Dienstag, 31. Oktober 2023

Abenteuerliches Obwalden

Die Südspitze des Sarnersees mit dem einmündenden Steinibach.
Improvisation am Edisriederbach. Das Geschiebe half in diesem Fall.

Nachdem wir am Samstag in Sachseln erstens die Pfarrkirche (siehe Eintrag von gestern) und zweitens die Sammlung Sigrist (dazu morgen mehr) besucht hatten, wanderten wir.
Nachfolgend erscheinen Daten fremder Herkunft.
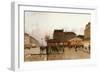 La Fete Forraine a Paris-Luigi Loir-Framed Giclee Print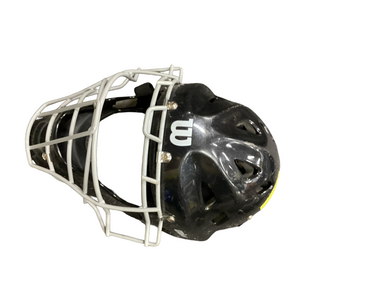 Used Wilson BLACK Catchers Helmet w/Mask Black SM 11613-S000165715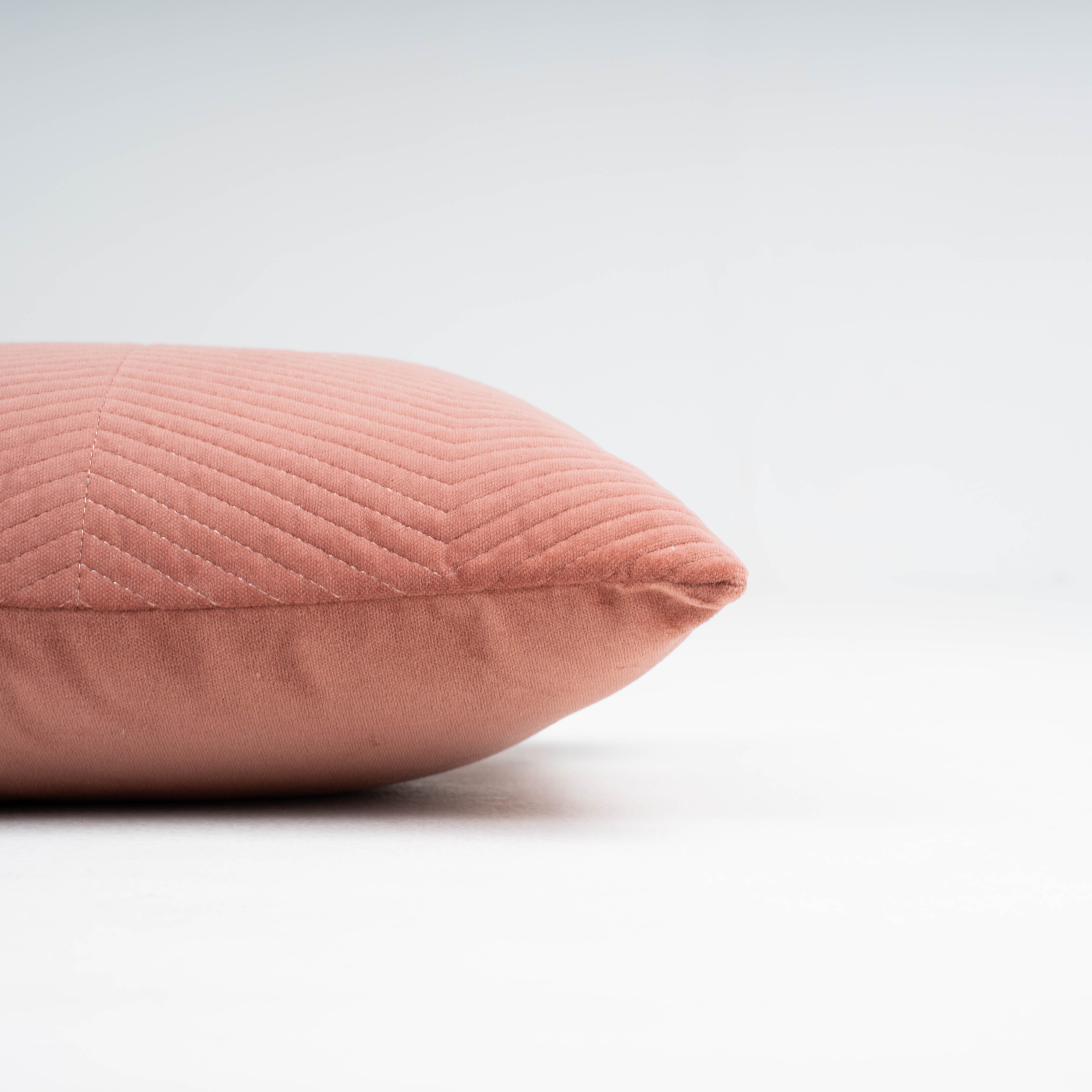 Coixí Vellut Cotó Hongria Rosette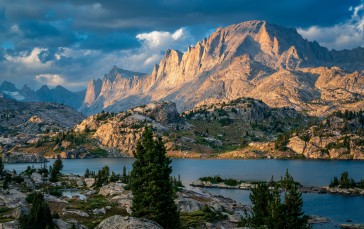 Wyoming, USA, Fremont Peak, Landscape Wallpaper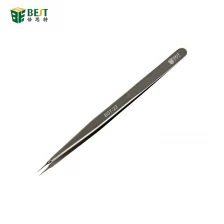 China BST-22 Hand Polish 3D Tweezers High Sharp Flying Line Super Hard Tweezer for Planting Tin IC Chip Micro Repair Forceps manufacturer
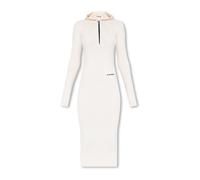 Jil Sander - Abito Felpa con Cappuccio - - Dresses - Donna - Beige - M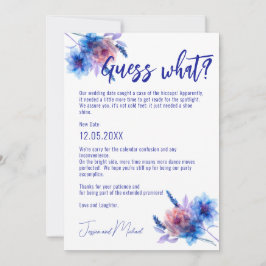 💍 lustigt ändringsdatum Pastel Whispers Meadows Spara Datumet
Stiegen via Totenbüel steil auf zur Lichtung von Huggeten und zogen von dort auf schmalen Pfaden in leichtem Auf und Ab über etliche Tobel via Musschwendli und Schwendeli nach Obstocken, um schliesslich wieder an den Sarnersee abzusteigen. Im Restaurant Zollhaus im gleichnamigen Sachsler Dorfteil endete die Wanderung, wir assen fein und tranken reichlich Rotwein. Eine schöne Route wars gewesen mit einigen abenteuerlichen Stellen, die extrem schmale Hängebrücke über den Sigetsbach zum Beispiel hatte bedrohlich geschwankt. Und der Edisriederbach führte nach den Regenfällen der letzten Tage soviel Wasser, dass wir ihn trotz eines Hilfsseiles nicht an der vorgesehenen Stelle im abschüssigen Hang überqueren konnten, wir fanden aber eine andere Stelle, an der das einigermassen gefahrlos ging. Wesentlich heikler aus meiner persönlichen Sicht: Kurz nach Wanderstart machte ich oberhalb von Sachseln den Fehler, ein Pony streicheln zu wollen. Nur knapp entging ich seinem Biss, meine Cargohose freilich trug eine leichte Blessur davon. 
Widmers heroische Überquerung des Sigetsbaches. (Foto: AM)

Montag, 30. Oktober 2023

Unsere Visite bei Klaus

Bruder Klaus in der Pfarrkirche von Sachseln OW.

Die Kutte, die Klaus angeblich
an seinem Todestag trug.
Die Kirche von Sachseln ist eine der schönsten, die ich kenne. Früher Barock und italienische Renaissance. Am Samstag schauten wir uns in ihr um, bevor wir zu einer Wanderung loszogen. Der mit einer Glasscheibe ausgestattete Hauptaltar zog uns gleich sofort an. Niklaus von Flüe, der Schweizer Landespatron, ist in ihm als versilberte Figur präsent. Sie ist ein Reliquienbehälter, birgt in ihrem Inneren die Reste jenes Mannes, der im 15. Jahrhundert zuerst als hablicher Bauer im Dorf Flüeli unweit von Sachseln lebte, um dann Frau und Kind zu verlassen und in der nahen Ranftschlucht als Asket zu leben. Klaus war eine Art Weisheitsinstanz oder auch Orakel der Alten Eidgenossenschaft, ein Friedensstifter und Visionär und Mystiker, den einfache und mächtige Leute aufsuchten und um Rat baten. Nach seinem Tod wurde der Bruder Klaus in der Kirche von Sachseln beigesetzt, dem Vorgängerbau der heutigen Kirche, in die man den Sarg 1679 überführte. Der Hauptaltar ist neuzeitlich, er stammt aus dem Jahr 1976. Ebenfalls zu sehen ist in der Kirche in einem Glaskasten Klausens Eremitenrock, den seine Frau Dorothea gefertigt haben soll. Auf den Besuch des Museums Bruder Klaus gleich neben der Kirche verzichteten wir aus zeitlichen Gründen. Dafür besuchten wir die Sammlung Sigrist. Was das ist – mehr davon morgen oder übermorgen.
Klaus als Vermittler und Friedensstifter an der Aussenwand der Kirche.